Local AI You want private local inference through Ollama, LM Studio, llama.cpp, vLLM, SGLang, or another OpenAI-compatible server. No provider key required.
Claude account OAuth You already use Claude Code and want Anthropic models without managing a separate Anthropic API key. Local Claude Code credentials or an OAuth token reference.
Codex account sign-in You want optional coding-agent delegation through the installed Codex CLI. Local Codex CLI session. Not the default WebChat model provider.
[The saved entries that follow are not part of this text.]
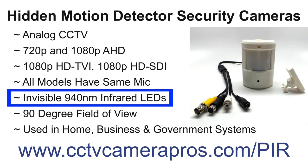All models use 940 nanometer infrared LEDs that are hidden behind the PIR sensor window. 940 nanometer LEDs are invisible — they do not emit a red glow like traditional infrared cameras.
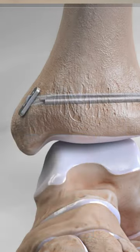If you'd like to see more cool surgical animations like this, go to Arthrex.com or click on the link in the description below.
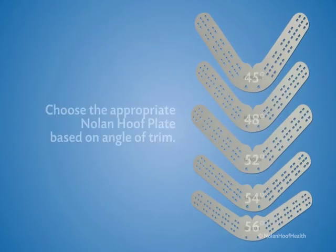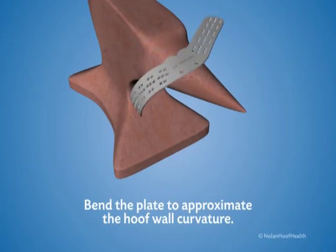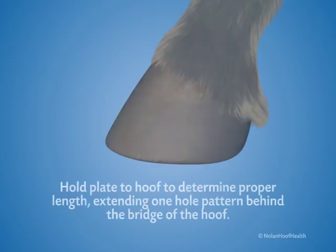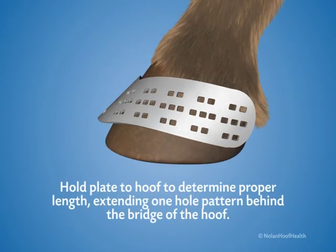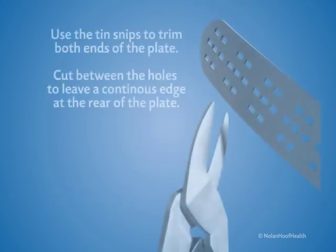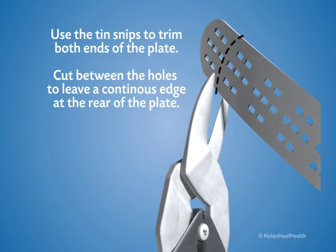Choose the appropriate Nolan hoof plate based on angle of trim. Bend the plate around the anvil to approximate the hoof wall curvature. Hold the plate up to the hoof to determine the proper length, extending one hole pattern behind the bridge of the hoof, being careful not to extend past the heel. Use tin snips to trim both ends of the plate if needed. Cut between the holes to leave a continuous edge at the rear of the plate.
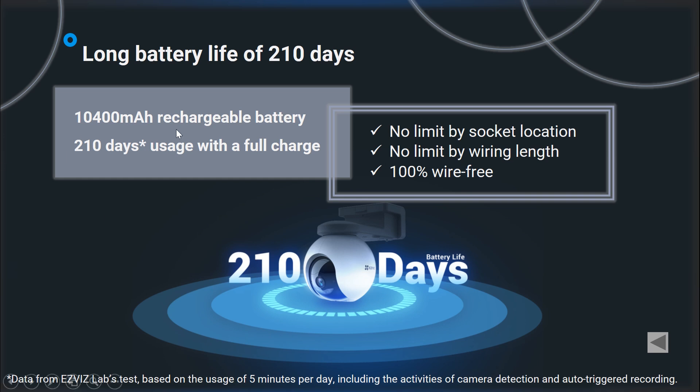That's why we include a large capacity battery, which is a 10,400mAh rechargeable battery on both CB8 and HB8. For a fully charged camera it can keep working for about seven months, and during all that time you can simply check the battery status in your Easyways app so you will know exactly when it's time to recharge your cameras.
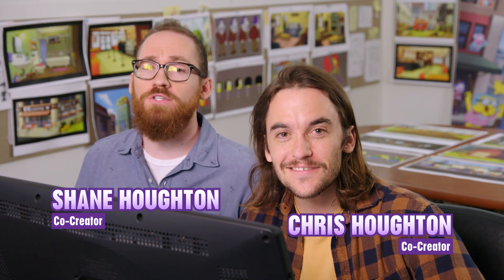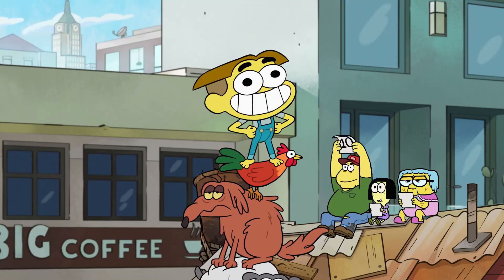Hey everybody, I'm Shane Houghton and I'm Chris Houghton — we are the Houghton Brothers, the creators of Big City Greens. Today we're gonna draw Cricket Green, we're gonna do a little how-to-draw. Are you ready? Let's get started.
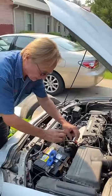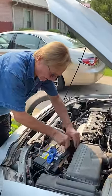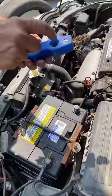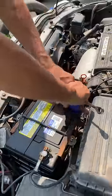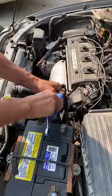They're real easy to clean. Just loosen the terminal, take it off, and have one of these tools. You use the round hole to clean the post — gets all the corrosion off — and you clean the battery terminal with the brush.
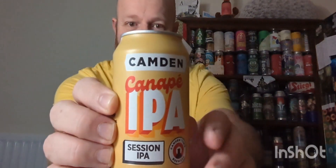This one we've got a session IPA, one of my favourite styles, from the Camden Town Brewery. We've got a can of Canapé IPA clocking in at 4.4% ABV.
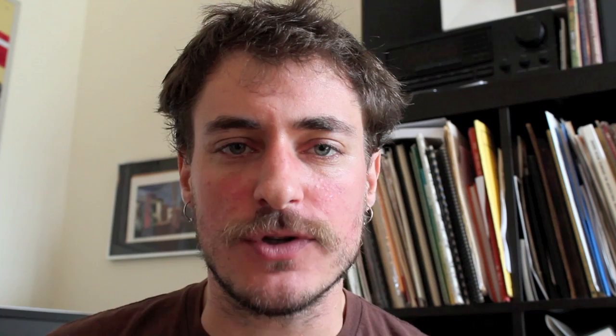Hey, what's up? I'm Greg Petillo, the beatbox flute player. Thanks for tuning in. Today we're addressing the inhaled PS sound. A lot of people have been digging on my piece, the three beats for beatbox flute, and the inhaled PS sound is all over this piece, and I'm going to teach you how to do it right now.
For API key or local setup:

  1. Choose Online and add an API key, or choose Local.
  2. For Local, select Check this PC to inspect installed models, available RAM and VRAM, and detected runtimes.
  3. Run the recommended Ollama or llama-server command, then select Use this setup.
  4. Run validation, then open WebChat and send a message.

For Claude account OAuth:

  1. Install and sign in to Claude Code on the same Windows user that runs disp8ch.
  2. Keep the Claude Code credential file private. Do not copy .claude, OAuth token files, or auth JSON into the repo.
  3. In disp8ch, select or add an Anthropic model in Settings -> Models.
  4. If the model form asks for a credential, use an environment or secret reference such as env:ANTHROPIC_TOKEN, env:ANTHROPIC_OAUTH_TOKEN, env:CLAUDE_CODE_OAUTH_TOKEN, or secret:CLAUDE_CODE_OAUTH_TOKEN.
  5. Run the model test before using the model in WebChat or workflows.
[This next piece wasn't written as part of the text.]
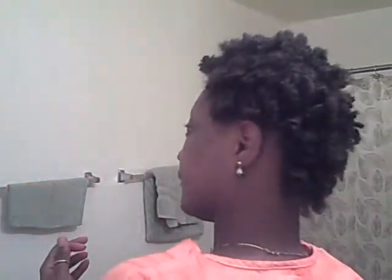I'll be right back. Okay you guys, so this is what I've come up with. I just basically took my pick and just kind of pulled up at the root. I'm trying to kind of preserve the curl pattern. I'll show you guys the back, and I'll come back and show you the finished look.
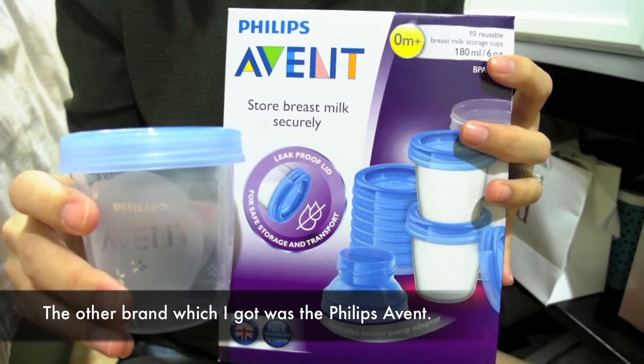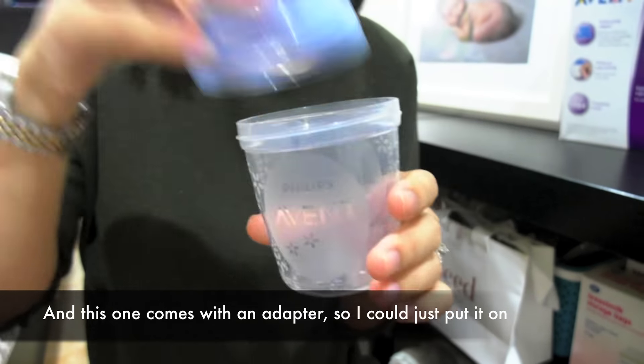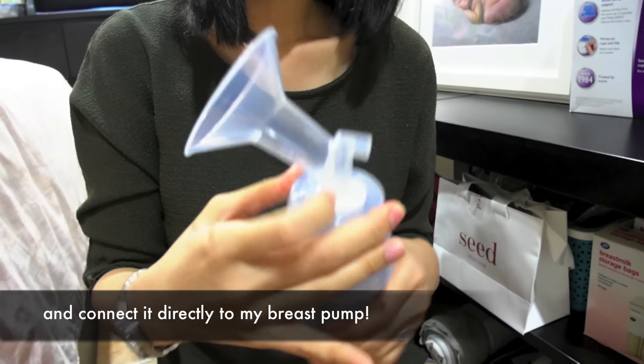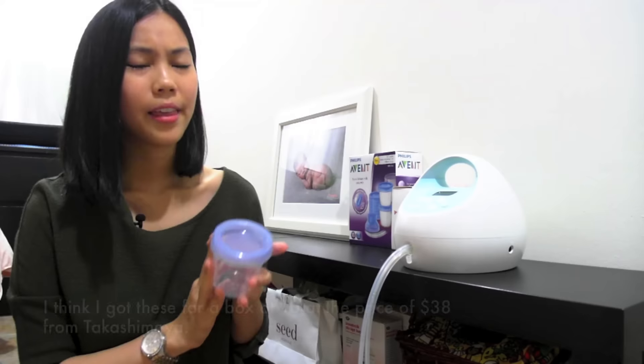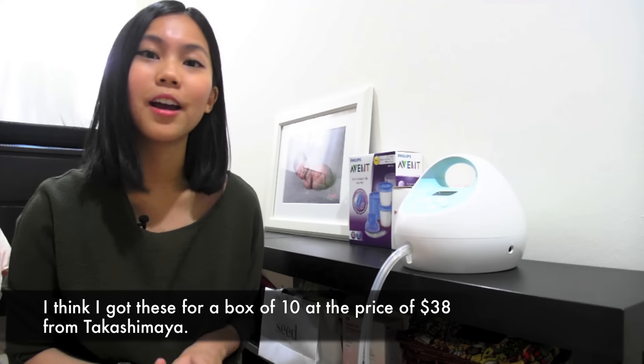The other brand which I got was the Philips Avent. These ones are bigger — they come up to 180ml. This one comes with an adapter so I could connect it directly to my breast pump. I got these for a box of 10 at the price of $38 from Takashimaya.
For Codex account sign-in:

  1. Install the Codex CLI and sign in locally with your Codex account.
  2. Keep Codex auth files outside the repo and outside .env.local.
  3. Leave normal WebChat on your selected provider or local model. Codex sign-in is only used when you explicitly choose the Codex coding-agent backend for delegated coding work.
  4. Test with a harmless read-only delegation before granting write access.
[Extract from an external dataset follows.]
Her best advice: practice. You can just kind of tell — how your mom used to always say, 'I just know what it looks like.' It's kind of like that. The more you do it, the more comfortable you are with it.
You can also configure .env.local:

cp .env.example .env.local

Direct provider examples:

OPENAI_API_KEY=...
ANTHROPIC_API_KEY=...
ANTHROPIC_TOKEN=...
ANTHROPIC_OAUTH_TOKEN=...
CLAUDE_CODE_OAUTH_TOKEN=...
GOOGLE_API_KEY=...
DEEPSEEK_API_KEY=...

OpenRouter:

OPENROUTER_API_KEY=...

Local model endpoints:

OLLAMA_BASE_URL=http://127.0.0.1:11434
VLLM_BASE_URL=http://127.0.0.1:8000/v1
SGLANG_BASE_URL=http://127.0.0.1:30000/v1

Do not commit .env.local, .claude, .codex, auth JSON, OAuth token files, or any local credential store.

Run Fully Local (No API Key)

You do not need a cloud account or API key for core use. Run a local model server and point disp8ch at it: chat, local tools, memory, workflows, agents, boards, council, local document research, and local artifact work can run without a model-provider key. Live web search, external channels, cloud image generation, and third-party APIs still need network access and the credentials you choose to configure.

disp8ch local model stack

Pick A Model That Fits This PC

During onboarding, choose Local then select Check this PC. You can also open Settings -> Models later and select Check this PC under Find a local model for this PC. The advisor reads the machine's RAM, CPU, GPU, and VRAM and ranks local models by fit and expected speed. It parses installed GGUF metadata, detects exact Ollama tags, uses llama-fit-params when available, and distinguishes full GPU, hybrid offload, CPU-heavy, and memory-risky plans.

The simple path for new users

  1. Install and open disp8ch, then choose Local AI during onboarding.
  2. Select Check this PC. The check is read-only and does not download a model or send your hardware details anywhere.
  3. Review the three recommendations:
Choice Best for What to expect
Balanced Most users The best starting point for useful answers without making the computer unnecessarily slow.
Speed Older PCs, laptops, and quick chat A smaller model that is more likely to fit fully in GPU memory and respond quickly.
Quality Research, coding, and harder tasks The strongest practical model found for the machine. It may use both GPU memory and system RAM, so it can be slower.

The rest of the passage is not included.